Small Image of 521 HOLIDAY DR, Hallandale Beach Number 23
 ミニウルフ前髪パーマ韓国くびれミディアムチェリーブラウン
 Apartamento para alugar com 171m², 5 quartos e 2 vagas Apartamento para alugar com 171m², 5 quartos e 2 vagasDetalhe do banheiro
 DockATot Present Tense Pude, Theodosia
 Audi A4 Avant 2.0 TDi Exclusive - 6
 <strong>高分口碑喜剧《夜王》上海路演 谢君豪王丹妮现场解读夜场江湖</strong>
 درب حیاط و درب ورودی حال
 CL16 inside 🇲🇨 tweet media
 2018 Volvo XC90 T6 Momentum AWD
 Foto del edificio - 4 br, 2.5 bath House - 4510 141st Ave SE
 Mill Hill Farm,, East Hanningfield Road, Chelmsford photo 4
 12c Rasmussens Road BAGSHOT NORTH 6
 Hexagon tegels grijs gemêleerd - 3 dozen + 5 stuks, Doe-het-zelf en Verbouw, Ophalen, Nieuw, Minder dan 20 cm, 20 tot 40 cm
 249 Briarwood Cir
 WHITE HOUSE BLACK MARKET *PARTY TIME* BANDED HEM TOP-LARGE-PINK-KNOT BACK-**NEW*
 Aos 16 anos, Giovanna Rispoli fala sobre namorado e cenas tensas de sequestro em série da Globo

**Required work:**
From the records above, give again exactly the lines running from the line with "Hexagon tegels grijs" to the line with "WHITE HOUSE BLACK", inclusive.

**Answer to this task:**
 Hexagon tegels grijs gemêleerd - 3 dozen + 5 stuks, Doe-het-zelf en Verbouw, Ophalen, Nieuw, Minder dan 20 cm, 20 tot 40 cm
 249 Briarwood Cir
 WHITE HOUSE BLACK MARKET *PARTY TIME* BANDED HEM TOP-LARGE-PINK-KNOT BACK-**NEW*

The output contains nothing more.